C'est que la communauté franco-africaine exige, mes chers collègues, comme condition préalable, la communauté africaine.

 

Une association présuppose l'existence de deux êtres. Où serait notre être si, nous appelant à la communauté franco-africaine, vous commenciez par nous désintégrer ?

 

Je m'adresse aux chrétiens : « Une maison divisée contre elle-même... », Vous savez le reste. Quel serait le sort de l'Afrique si elle était divisée ? Mais sans doute avez-vous oublié cette recommandation de l'Écriture sainte qui veut qu'avant d'offrir un sacrifice au Seigneur - à la France en l'occurrence -, on commence par se réconcilier avec son frère.

 

« La République une et indivisible », au sens de l'État unitaire et centralisateur - c'est par là que je vais terminer -, a été, au XIXsiècle, une exigence nationale : elle a fait la force de la France, et les volontaires avaient raison d'aller à la bataille à Valmy en criant : Vive la Nation !

 

Mais nous sommes aujourd'hui en 1957, au XXe siècle, à l'heure où les États et les empires les plus forts sont de structure fédérale : USA, URSS, Inde, Canada, Brésil, Allemagne occidentale, Yougoslavie et, plus près de nous, l'Angleterre qui va donner l'indépendance à la Gold Coats au sein du Commonwealth, lequel a cessé d'être britannique.

   

Fédérer effraye certains membres de l'Assemblée.

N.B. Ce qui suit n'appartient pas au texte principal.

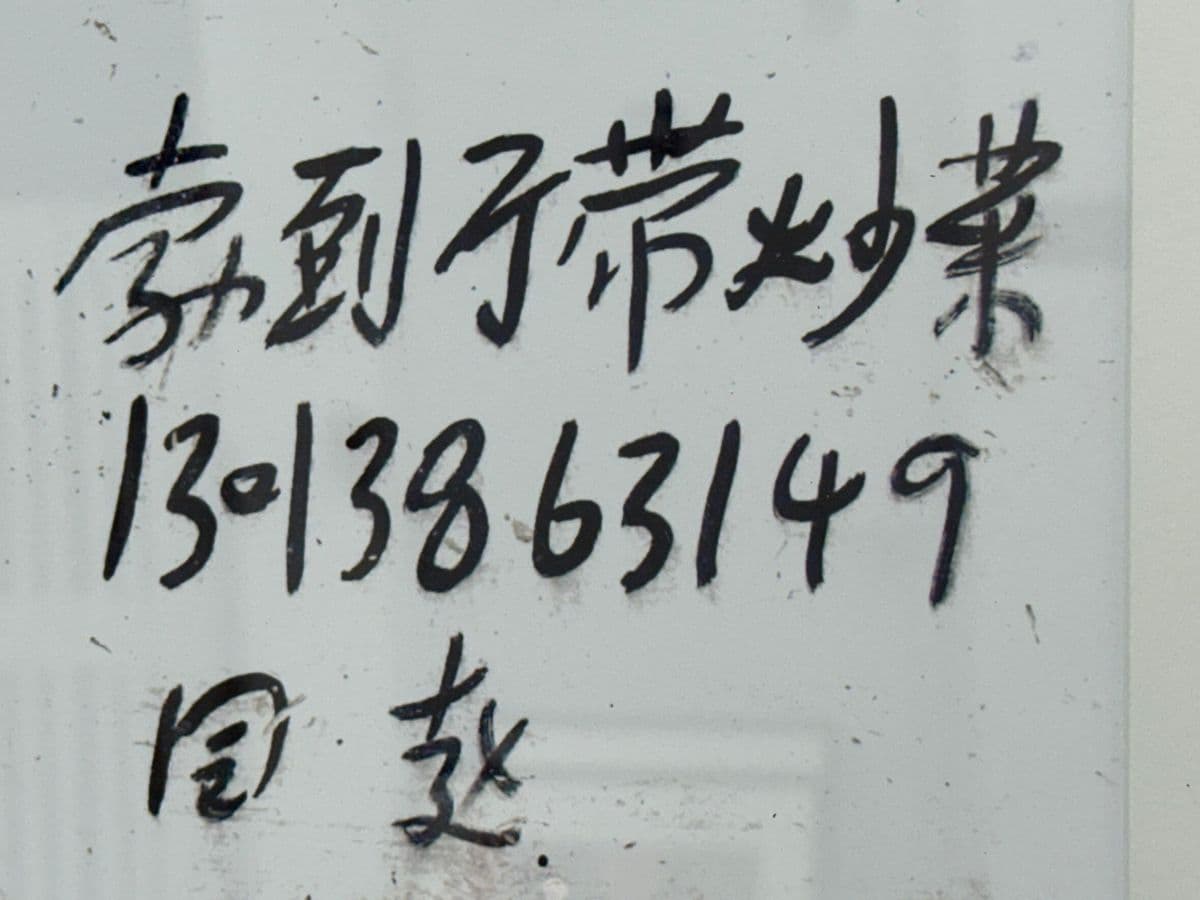 Circa 2006 Ravi Anand "Free Advertising Guanei, China" Photograph, Numbered + Framed - Thumbnail 5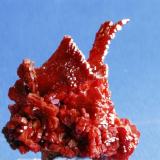 Vanadinite
Mibladen, Morocco
5x6 cm (Author: Enrique Llorens)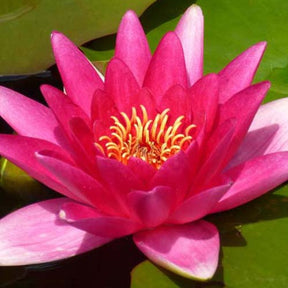Nénuphar Escarboucle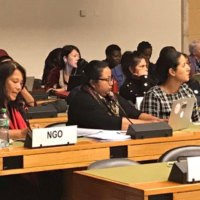 Musawah Board Chair Zainah Anwar (fourth from left) attends the 68th session of the U.N. Committee on the Elimination of Discrimination against Women in Geneva, in 2017. | MUSAWAH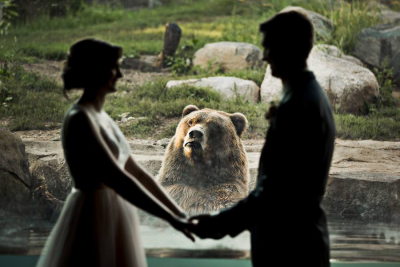 Pareja de novios casándose mientras un oso los ve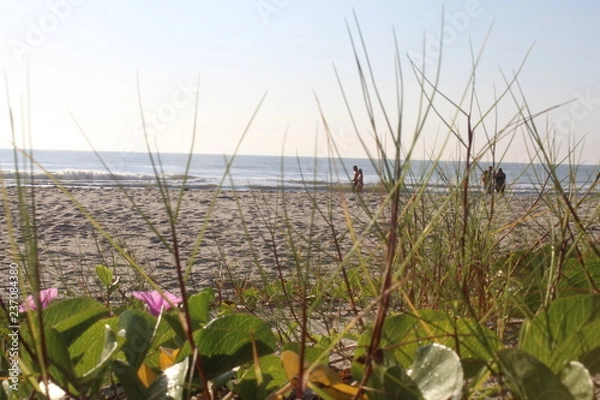 Obraz Beach landscape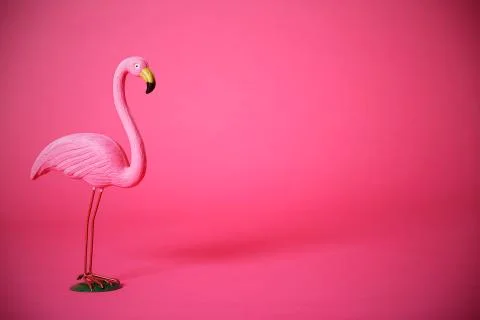 Pink flamingo in studio Stock Photos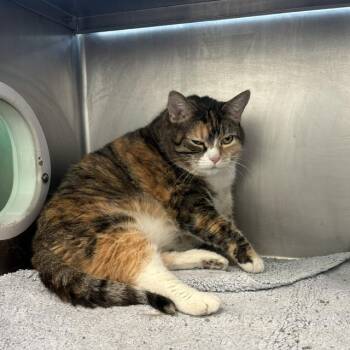 Domestic Short Hair Cats Available for Adoption in Boston, Massachusetts - LUCEE | PetCurious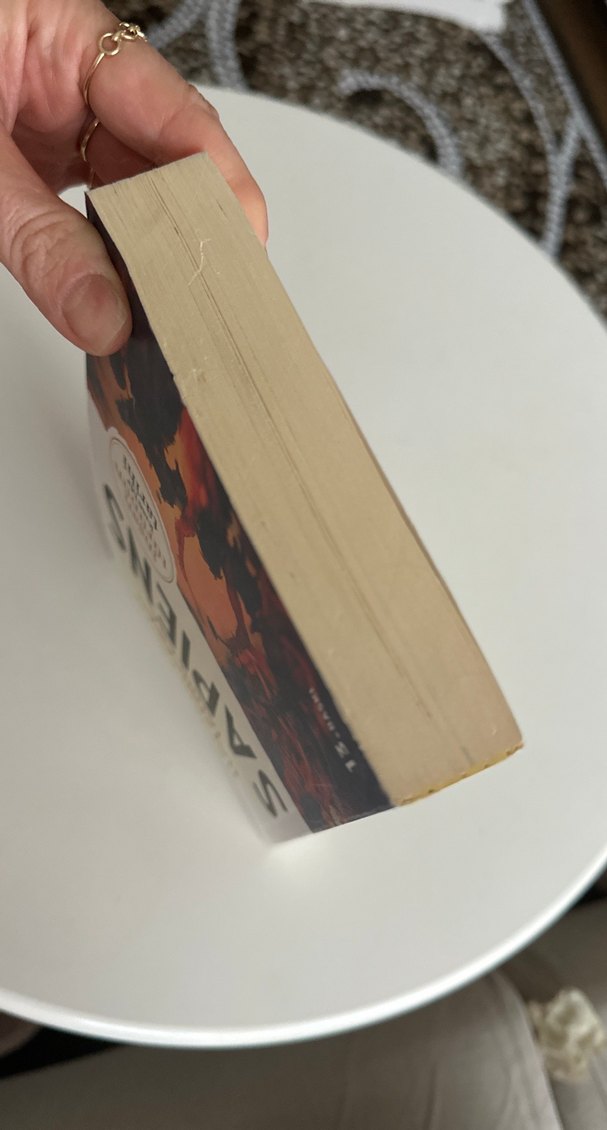 Hayvanlardan Tanrılara Sapiens - Yuval Noah Harari - Görsel 3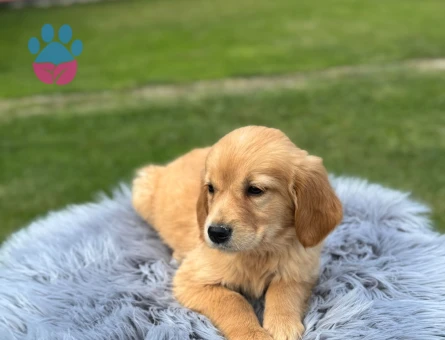 Gülen Surat Golden Retriever Yavrularımız - 9767 - Görsel 4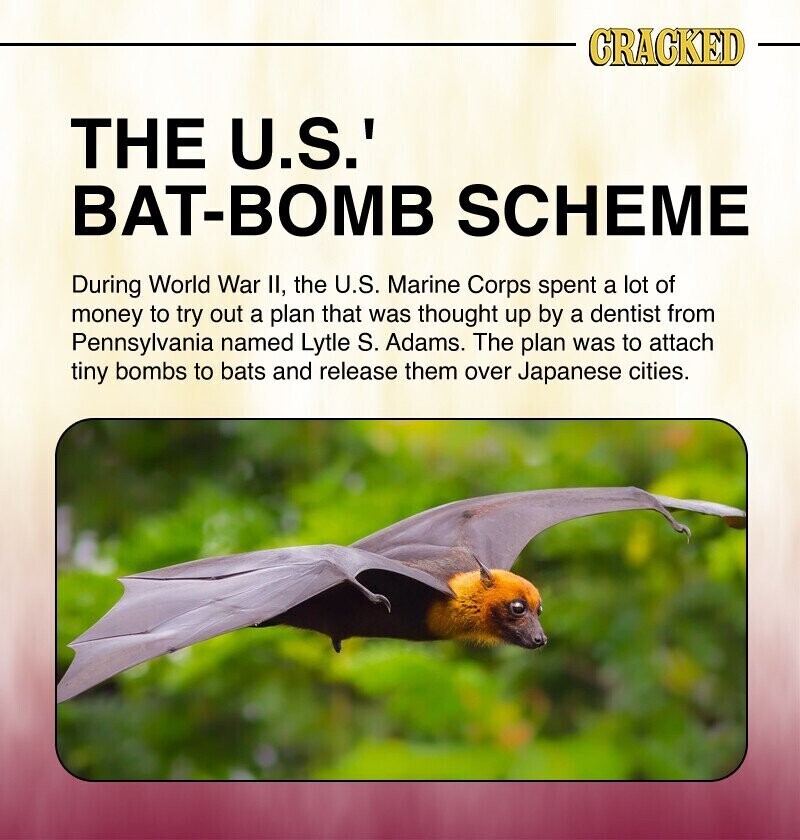CRACKED THE U.S.' BAT-BOMB SCHEME During World War II, the U.S. Marine Corps spent a lot of money to try out a plan that was thought up by a dentist from Pennsylvania named Lytle S. Adams. The plan was to attach tiny bombs to bats and release them over Japanese cities.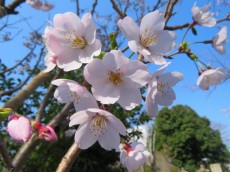 フォンテ青山　青山霊園の桜並木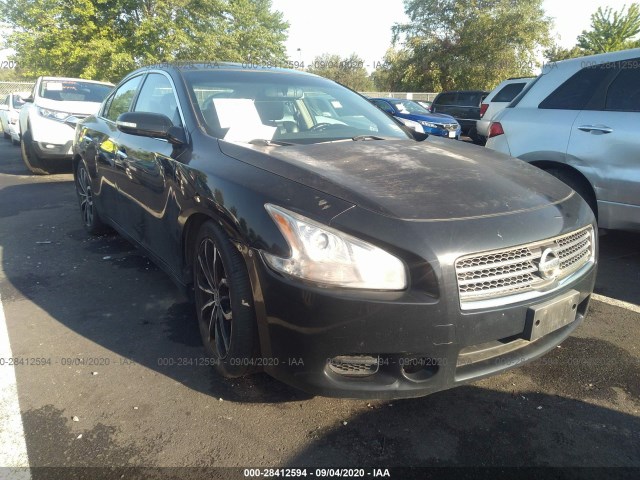 NISSAN MAXIMA 2010 1n4aa5ap4ac808903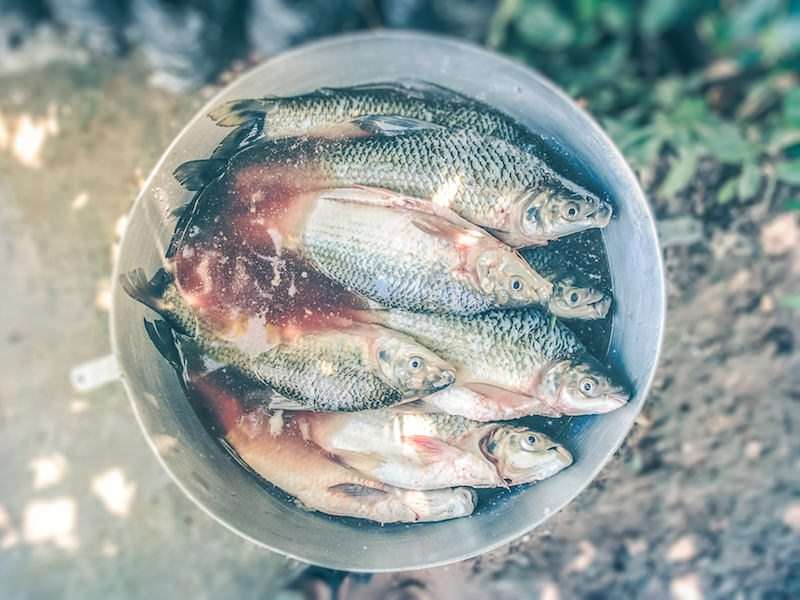 Fish and Seafood for Good Fertility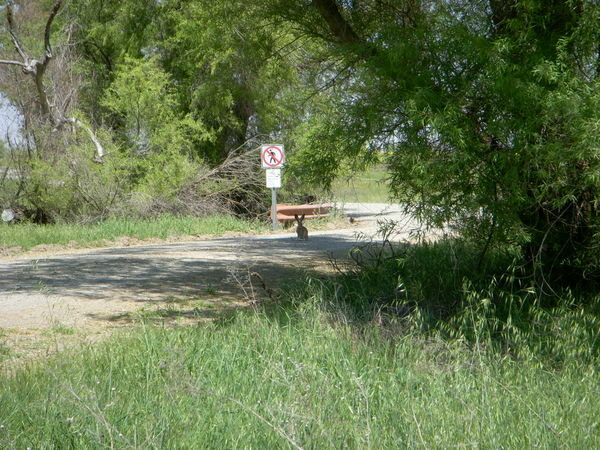 One of the walking trails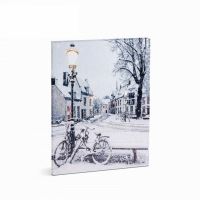 Tablou cu 21 LED-uri, peisaj iarna 30x40cm, Family Pound 58017B
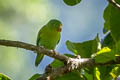 Orange-chinned Parakeet Brotogeris jugularis jugularis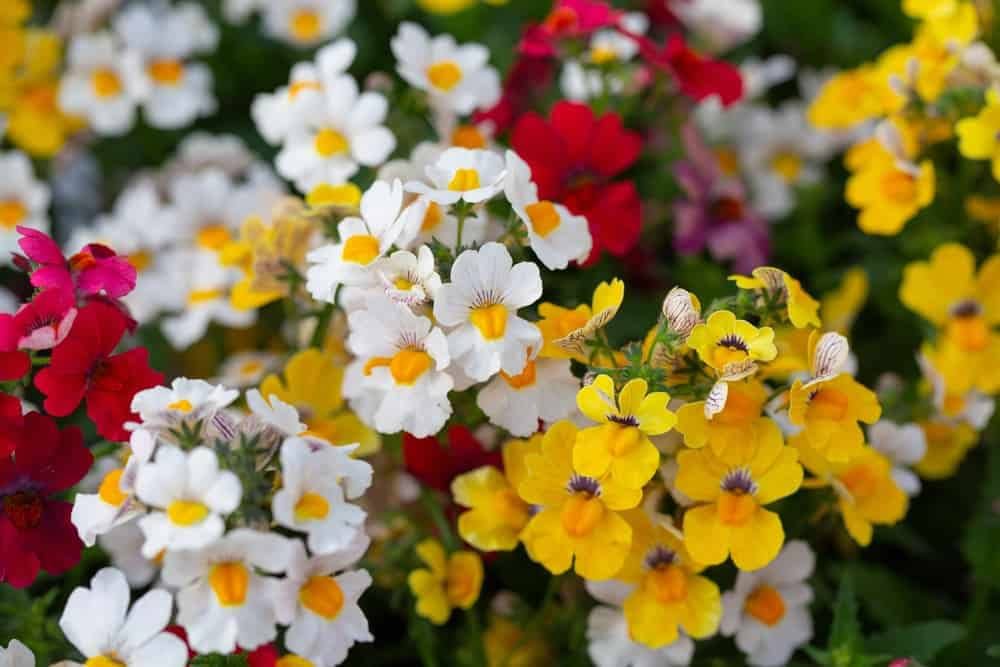 Erysimum Seeds (Amazing Hybrids Erysimum Seeds) - Vibrant Garden Flowers for Planting Enthusiasts - Image 5
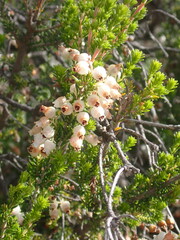Erica glomiflora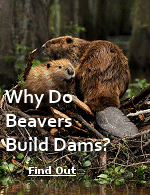 Aside from making cozy homes for their families and their friends, beavers play a leading role in nature's big picture when they build dams.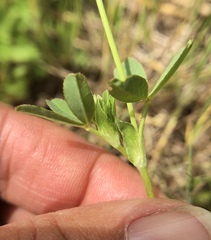 Trifolium ciliolatum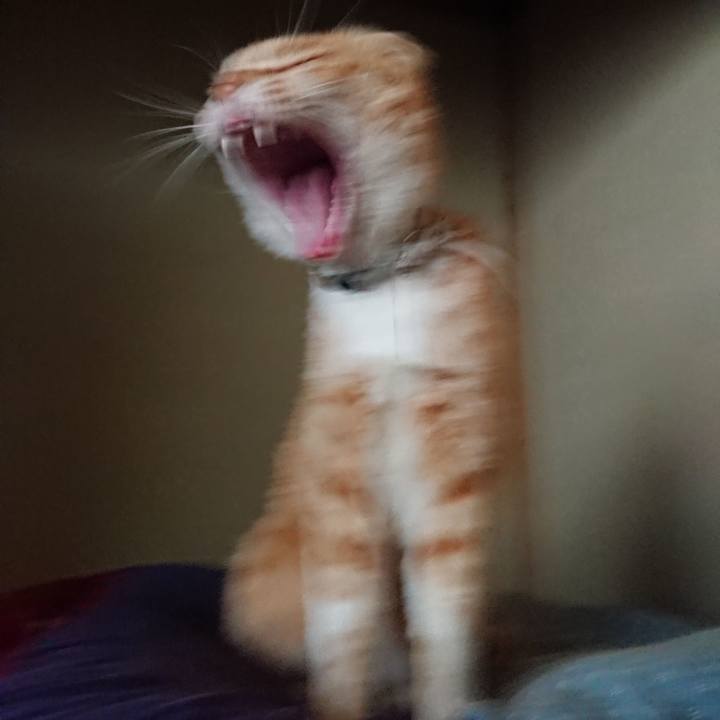 Fff5dee0 b767 411d b120 0dc045ef1b87 1590564668594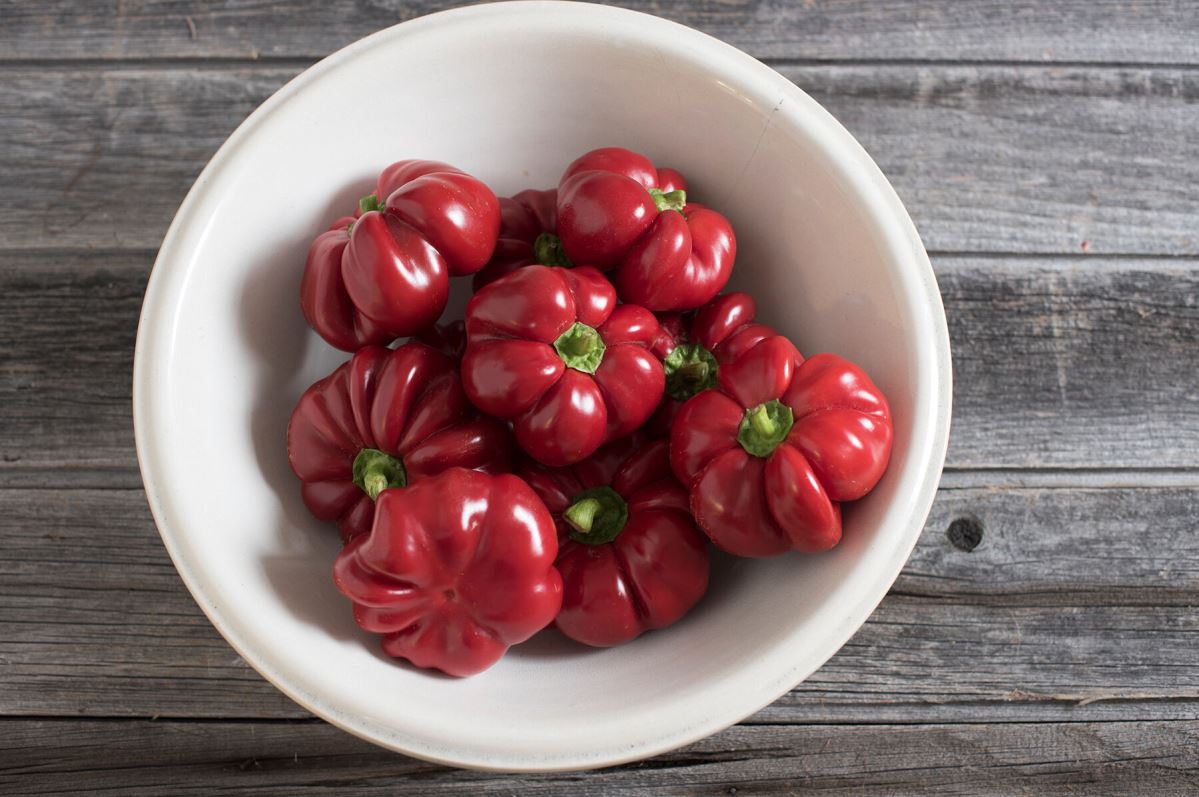 Round of Hungary – Pimento Pepper Seed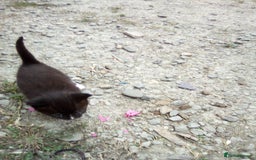 Mixed Breed cats for sale: Three black/white kittens need new home - Image 7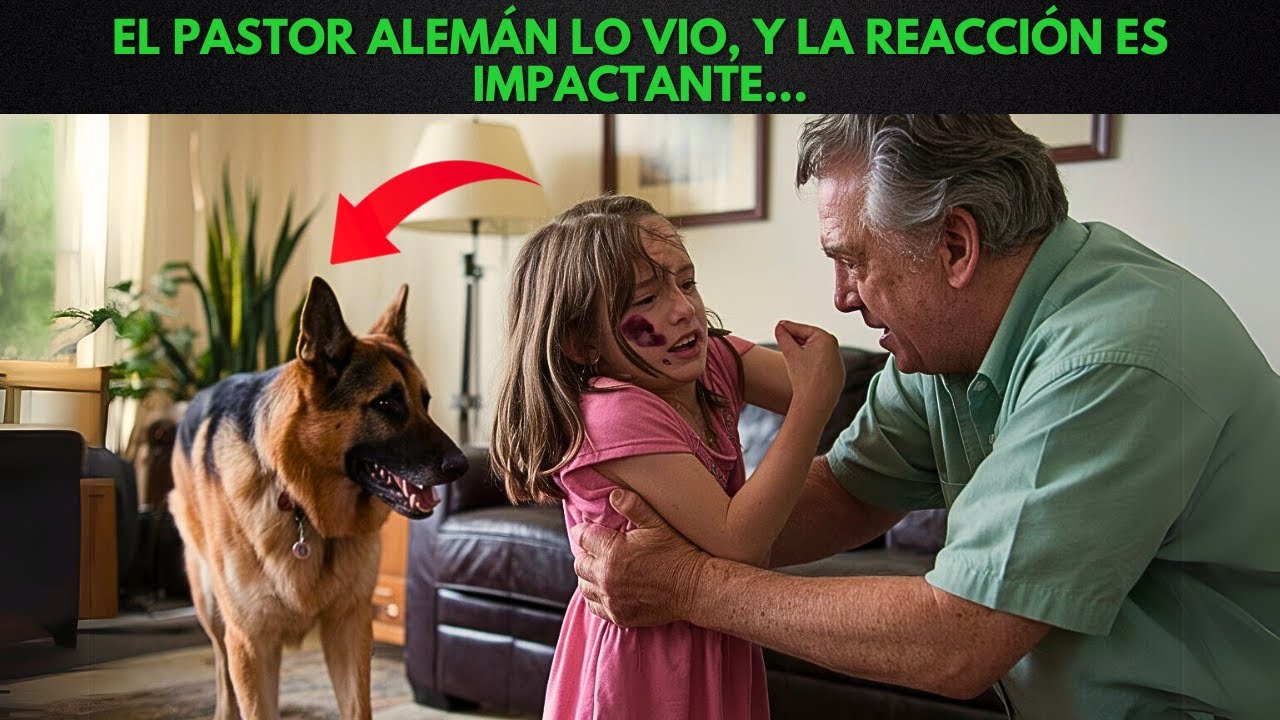 Fue maltratada por su abuelo, pero su pastor alemán lo vio, y lo que sucede después es impactante...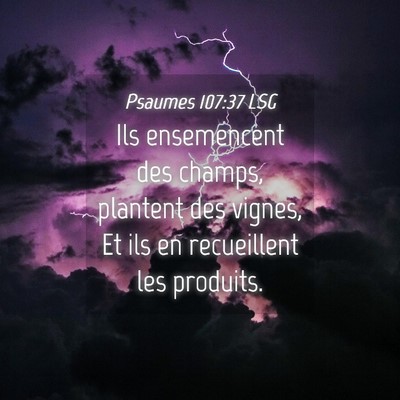 Picture 04 - Psaumes 107:37 LSG - Ils ensemencent des champs, plantent des vignes, - Bible Verse Picture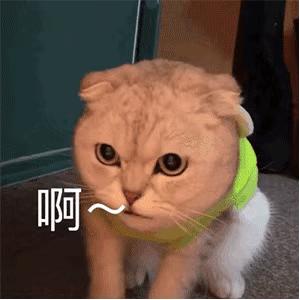 很好看的国货品牌,好吃的国货良心推荐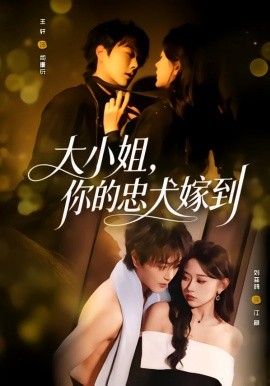 《大小姐，你的忠犬嫁到》-VIP部落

Mais, mes chers collègues, fédérer n'est pas séparer. Fédérer, au sens étymologique du mot, c'est lier, mais sans étouffer, on l'oublie trop souvent.

 

S'accrocher au mythe de la « République une et indivisible », car c'est un mythe, sans quoi il y aurait dans cette Assemblée trois cents députés noirs et arabo berbères (« Très bien ! Très bien ! » Au centre), s'accrocher à ce mythe c'est, je le crains, travailler à l'abaissement de la France. C'est pratiquer l'immobilisme le plus stérile.

 

Je vous dis que la France est un arbre vivant ; ce n'est pas du bois mort promis à la cognée. [...]

 

Craignez, dis-je, que si l'on balkanise les fédérations d'Afrique noire, les territoires ne se tournent l'un vers Lagos, l'autre vers Accra, un troisième vers Rabat.

 

Dakar et Brazzaville, avouez-le, sont tout de même plus françaises, puisque c'est de la France que vous avez souci.

 

Quand les enfants ont grandi, du moins en Afrique noire, ils quittent la case des parents et construisent à côté une case, leur case, mais dans le même carré.

 

Le carré France, croyez-nous, nous ne voulons pas le quitter. Nous y avons grandi et il y fait bon vivre. Nous voulons simplement, monsieur le Ministre, mes chers collègues, y bâtir nos propres cases, qui élargiront et fortifieront en même temps le carré familial, ou plutôt l'hexagone France. (Applaudissements sur plusieurs bancs au centre.)